[Short text fragments from websites]
--*--
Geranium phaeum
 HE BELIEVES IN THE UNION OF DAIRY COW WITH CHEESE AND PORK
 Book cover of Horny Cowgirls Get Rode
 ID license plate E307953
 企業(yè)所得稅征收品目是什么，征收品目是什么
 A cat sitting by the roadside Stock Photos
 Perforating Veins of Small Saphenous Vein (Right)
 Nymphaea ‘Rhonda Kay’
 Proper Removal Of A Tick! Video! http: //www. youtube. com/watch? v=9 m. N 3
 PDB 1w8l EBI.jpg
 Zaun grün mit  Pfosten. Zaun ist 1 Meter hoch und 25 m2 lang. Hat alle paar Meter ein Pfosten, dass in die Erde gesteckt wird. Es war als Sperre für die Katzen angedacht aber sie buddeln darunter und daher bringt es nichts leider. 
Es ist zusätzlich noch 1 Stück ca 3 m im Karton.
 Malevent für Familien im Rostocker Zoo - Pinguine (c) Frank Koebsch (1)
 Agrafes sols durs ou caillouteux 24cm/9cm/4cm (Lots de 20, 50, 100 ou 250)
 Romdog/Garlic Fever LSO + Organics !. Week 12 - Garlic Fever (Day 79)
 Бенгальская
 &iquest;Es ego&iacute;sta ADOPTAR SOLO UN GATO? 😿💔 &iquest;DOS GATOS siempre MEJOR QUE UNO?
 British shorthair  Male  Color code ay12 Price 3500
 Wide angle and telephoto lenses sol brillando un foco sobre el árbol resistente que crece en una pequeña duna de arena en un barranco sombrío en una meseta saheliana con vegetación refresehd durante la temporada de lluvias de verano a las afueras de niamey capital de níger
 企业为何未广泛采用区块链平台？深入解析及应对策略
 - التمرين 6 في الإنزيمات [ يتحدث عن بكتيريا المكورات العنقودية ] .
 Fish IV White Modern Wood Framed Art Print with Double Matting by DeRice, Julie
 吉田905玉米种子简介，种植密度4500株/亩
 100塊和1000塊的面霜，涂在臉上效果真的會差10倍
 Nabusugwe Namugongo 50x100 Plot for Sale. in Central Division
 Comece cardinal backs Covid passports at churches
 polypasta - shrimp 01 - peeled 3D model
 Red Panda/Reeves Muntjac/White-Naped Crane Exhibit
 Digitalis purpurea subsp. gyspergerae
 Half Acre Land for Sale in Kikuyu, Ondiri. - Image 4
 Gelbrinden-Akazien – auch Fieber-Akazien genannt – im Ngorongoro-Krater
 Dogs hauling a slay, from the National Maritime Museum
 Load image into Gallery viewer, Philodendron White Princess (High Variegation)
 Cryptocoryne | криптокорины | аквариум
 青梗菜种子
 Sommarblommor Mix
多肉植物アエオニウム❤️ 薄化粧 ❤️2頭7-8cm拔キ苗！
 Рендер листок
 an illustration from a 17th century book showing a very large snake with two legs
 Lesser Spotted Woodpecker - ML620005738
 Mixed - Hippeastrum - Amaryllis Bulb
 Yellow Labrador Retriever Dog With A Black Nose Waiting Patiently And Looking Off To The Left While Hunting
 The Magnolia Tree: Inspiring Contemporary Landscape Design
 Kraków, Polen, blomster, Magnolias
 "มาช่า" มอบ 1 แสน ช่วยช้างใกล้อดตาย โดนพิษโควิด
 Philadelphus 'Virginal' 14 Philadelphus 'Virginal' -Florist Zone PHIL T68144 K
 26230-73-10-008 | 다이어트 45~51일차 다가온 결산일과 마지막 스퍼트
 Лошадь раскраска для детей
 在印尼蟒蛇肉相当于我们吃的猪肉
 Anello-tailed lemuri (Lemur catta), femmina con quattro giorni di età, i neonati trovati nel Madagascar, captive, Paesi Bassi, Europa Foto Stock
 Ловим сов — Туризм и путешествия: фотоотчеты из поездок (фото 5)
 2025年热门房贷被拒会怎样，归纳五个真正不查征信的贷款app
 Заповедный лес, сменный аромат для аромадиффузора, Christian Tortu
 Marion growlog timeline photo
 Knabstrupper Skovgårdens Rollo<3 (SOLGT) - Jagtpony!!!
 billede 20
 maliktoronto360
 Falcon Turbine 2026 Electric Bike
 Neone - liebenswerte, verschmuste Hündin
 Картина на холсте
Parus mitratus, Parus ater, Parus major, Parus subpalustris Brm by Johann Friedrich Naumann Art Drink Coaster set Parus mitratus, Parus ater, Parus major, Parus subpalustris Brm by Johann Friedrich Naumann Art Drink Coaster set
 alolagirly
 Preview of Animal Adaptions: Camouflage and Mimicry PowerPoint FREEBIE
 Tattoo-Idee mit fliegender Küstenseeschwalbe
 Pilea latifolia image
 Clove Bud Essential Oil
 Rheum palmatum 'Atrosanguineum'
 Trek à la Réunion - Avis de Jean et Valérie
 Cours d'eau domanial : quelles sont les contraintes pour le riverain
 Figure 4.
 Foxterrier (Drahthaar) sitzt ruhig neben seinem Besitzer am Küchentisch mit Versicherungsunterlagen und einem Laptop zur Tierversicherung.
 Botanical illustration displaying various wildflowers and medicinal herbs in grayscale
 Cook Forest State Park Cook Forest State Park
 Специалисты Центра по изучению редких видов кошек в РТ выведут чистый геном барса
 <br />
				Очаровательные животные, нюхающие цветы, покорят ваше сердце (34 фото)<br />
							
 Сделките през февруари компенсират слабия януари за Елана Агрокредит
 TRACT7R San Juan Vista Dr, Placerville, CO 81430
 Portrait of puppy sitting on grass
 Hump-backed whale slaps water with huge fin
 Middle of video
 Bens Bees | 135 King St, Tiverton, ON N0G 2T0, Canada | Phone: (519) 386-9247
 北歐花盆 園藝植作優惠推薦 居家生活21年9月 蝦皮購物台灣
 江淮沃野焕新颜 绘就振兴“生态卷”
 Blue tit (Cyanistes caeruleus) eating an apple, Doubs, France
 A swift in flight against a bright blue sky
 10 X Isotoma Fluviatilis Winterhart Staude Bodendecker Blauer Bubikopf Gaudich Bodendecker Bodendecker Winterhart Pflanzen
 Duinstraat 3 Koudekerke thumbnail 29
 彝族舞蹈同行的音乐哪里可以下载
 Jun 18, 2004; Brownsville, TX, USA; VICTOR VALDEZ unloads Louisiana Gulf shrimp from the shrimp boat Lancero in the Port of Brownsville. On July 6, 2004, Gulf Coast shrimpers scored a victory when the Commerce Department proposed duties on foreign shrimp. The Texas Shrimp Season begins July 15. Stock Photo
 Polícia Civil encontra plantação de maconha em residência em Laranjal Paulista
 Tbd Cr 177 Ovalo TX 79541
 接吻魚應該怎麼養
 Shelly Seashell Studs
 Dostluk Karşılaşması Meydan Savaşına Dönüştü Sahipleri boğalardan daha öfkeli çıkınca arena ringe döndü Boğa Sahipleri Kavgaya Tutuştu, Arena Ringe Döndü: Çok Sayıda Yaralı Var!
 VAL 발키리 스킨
--*--
### REQUIRED ACTION
Every record must be transcribed precisely, down to the last character.

### SOLUTION FOR THIS EXERCISE
Geranium phaeum
 HE BELIEVES IN THE UNION OF DAIRY COW WITH CHEESE AND PORK
 Book cover of Horny Cowgirls Get Rode
 ID license plate E307953
 企業(yè)所得稅征收品目是什么，征收品目是什么
 A cat sitting by the roadside Stock Photos
 Perforating Veins of Small Saphenous Vein (Right)
 Nymphaea ‘Rhonda Kay’
 Proper Removal Of A Tick! Video! http: //www. youtube. com/watch? v=9 m. N 3
 PDB 1w8l EBI.jpg
 Zaun grün mit  Pfosten. Zaun ist 1 Meter hoch und 25 m2 lang. Hat alle paar Meter ein Pfosten, dass in die Erde gesteckt wird. Es war als Sperre für die Katzen angedacht aber sie buddeln darunter und daher bringt es nichts leider. 
Es ist zusätzlich noch 1 Stück ca 3 m im Karton.
 Malevent für Familien im Rostocker Zoo - Pinguine (c) Frank Koebsch (1)
 Agrafes sols durs ou caillouteux 24cm/9cm/4cm (Lots de 20, 50, 100 ou 250)
 Romdog/Garlic Fever LSO + Organics !. Week 12 - Garlic Fever (Day 79)
 Бенгальская
 &iquest;Es ego&iacute;sta ADOPTAR SOLO UN GATO? 😿💔 &iquest;DOS GATOS siempre MEJOR QUE UNO?
 British shorthair  Male  Color code ay12 Price 3500
 Wide angle and telephoto lenses sol brillando un foco sobre el árbol resistente que crece en una pequeña duna de arena en un barranco sombrío en una meseta saheliana con vegetación refresehd durante la temporada de lluvias de verano a las afueras de niamey capital de níger
 企业为何未广泛采用区块链平台？深入解析及应对策略
 - التمرين 6 في الإنزيمات [ يتحدث عن بكتيريا المكورات العنقودية ] .
 Fish IV White Modern Wood Framed Art Print with Double Matting by DeRice, Julie
 吉田905玉米种子简介，种植密度4500株/亩
 100塊和1000塊的面霜，涂在臉上效果真的會差10倍
 Nabusugwe Namugongo 50x100 Plot for Sale. in Central Division
 Comece cardinal backs Covid passports at churches
 polypasta - shrimp 01 - peeled 3D model
 Red Panda/Reeves Muntjac/White-Naped Crane Exhibit
 Digitalis purpurea subsp. gyspergerae
 Half Acre Land for Sale in Kikuyu, Ondiri. - Image 4
 Gelbrinden-Akazien – auch Fieber-Akazien genannt – im Ngorongoro-Krater
 Dogs hauling a slay, from the National Maritime Museum
 Load image into Gallery viewer, Philodendron White Princess (High Variegation)
 Cryptocoryne | криптокорины | аквариум
 青梗菜种子
 Sommarblommor Mix
多肉植物アエオニウム❤️ 薄化粧 ❤️2頭7-8cm拔キ苗！
 Рендер листок
 an illustration from a 17th century book showing a very large snake with two legs
 Lesser Spotted Woodpecker - ML620005738
 Mixed - Hippeastrum - Amaryllis Bulb
 Yellow Labrador Retriever Dog With A Black Nose Waiting Patiently And Looking Off To The Left While Hunting
 The Magnolia Tree: Inspiring Contemporary Landscape Design
 Kraków, Polen, blomster, Magnolias
 "มาช่า" มอบ 1 แสน ช่วยช้างใกล้อดตาย โดนพิษโควิด
 Philadelphus 'Virginal' 14 Philadelphus 'Virginal' -Florist Zone PHIL T68144 K
 26230-73-10-008 | 다이어트 45~51일차 다가온 결산일과 마지막 스퍼트
 Лошадь раскраска для детей
 在印尼蟒蛇肉相当于我们吃的猪肉
 Anello-tailed lemuri (Lemur catta), femmina con quattro giorni di età, i neonati trovati nel Madagascar, captive, Paesi Bassi, Europa Foto Stock
 Ловим сов — Туризм и путешествия: фотоотчеты из поездок (фото 5)
 2025年热门房贷被拒会怎样，归纳五个真正不查征信的贷款app
 Заповедный лес, сменный аромат для аромадиффузора, Christian Tortu
 Marion growlog timeline photo
 Knabstrupper Skovgårdens Rollo<3 (SOLGT) - Jagtpony!!!
 billede 20
 maliktoronto360
 Falcon Turbine 2026 Electric Bike
 Neone - liebenswerte, verschmuste Hündin
 Картина на холсте
Parus mitratus, Parus ater, Parus major, Parus subpalustris Brm by Johann Friedrich Naumann Art Drink Coaster set Parus mitratus, Parus ater, Parus major, Parus subpalustris Brm by Johann Friedrich Naumann Art Drink Coaster set
 alolagirly
 Preview of Animal Adaptions: Camouflage and Mimicry PowerPoint FREEBIE
 Tattoo-Idee mit fliegender Küstenseeschwalbe
 Pilea latifolia image
 Clove Bud Essential Oil
 Rheum palmatum 'Atrosanguineum'
 Trek à la Réunion - Avis de Jean et Valérie
 Cours d'eau domanial : quelles sont les contraintes pour le riverain
 Figure 4.
 Foxterrier (Drahthaar) sitzt ruhig neben seinem Besitzer am Küchentisch mit Versicherungsunterlagen und einem Laptop zur Tierversicherung.
 Botanical illustration displaying various wildflowers and medicinal herbs in grayscale
 Cook Forest State Park Cook Forest State Park
 Специалисты Центра по изучению редких видов кошек в РТ выведут чистый геном барса
 <br />
				Очаровательные животные, нюхающие цветы, покорят ваше сердце (34 фото)<br />
							
 Сделките през февруари компенсират слабия януари за Елана Агрокредит
 TRACT7R San Juan Vista Dr, Placerville, CO 81430
 Portrait of puppy sitting on grass
 Hump-backed whale slaps water with huge fin
 Middle of video
 Bens Bees | 135 King St, Tiverton, ON N0G 2T0, Canada | Phone: (519) 386-9247
 北歐花盆 園藝植作優惠推薦 居家生活21年9月 蝦皮購物台灣
 江淮沃野焕新颜 绘就振兴“生态卷”
 Blue tit (Cyanistes caeruleus) eating an apple, Doubs, France
 A swift in flight against a bright blue sky
 10 X Isotoma Fluviatilis Winterhart Staude Bodendecker Blauer Bubikopf Gaudich Bodendecker Bodendecker Winterhart Pflanzen
 Duinstraat 3 Koudekerke thumbnail 29
 彝族舞蹈同行的音乐哪里可以下载
 Jun 18, 2004; Brownsville, TX, USA; VICTOR VALDEZ unloads Louisiana Gulf shrimp from the shrimp boat Lancero in the Port of Brownsville. On July 6, 2004, Gulf Coast shrimpers scored a victory when the Commerce Department proposed duties on foreign shrimp. The Texas Shrimp Season begins July 15. Stock Photo
 Polícia Civil encontra plantação de maconha em residência em Laranjal Paulista
 Tbd Cr 177 Ovalo TX 79541
 接吻魚應該怎麼養
 Shelly Seashell Studs
 Dostluk Karşılaşması Meydan Savaşına Dönüştü Sahipleri boğalardan daha öfkeli çıkınca arena ringe döndü Boğa Sahipleri Kavgaya Tutuştu, Arena Ringe Döndü: Çok Sayıda Yaralı Var!
 VAL 발키리 스킨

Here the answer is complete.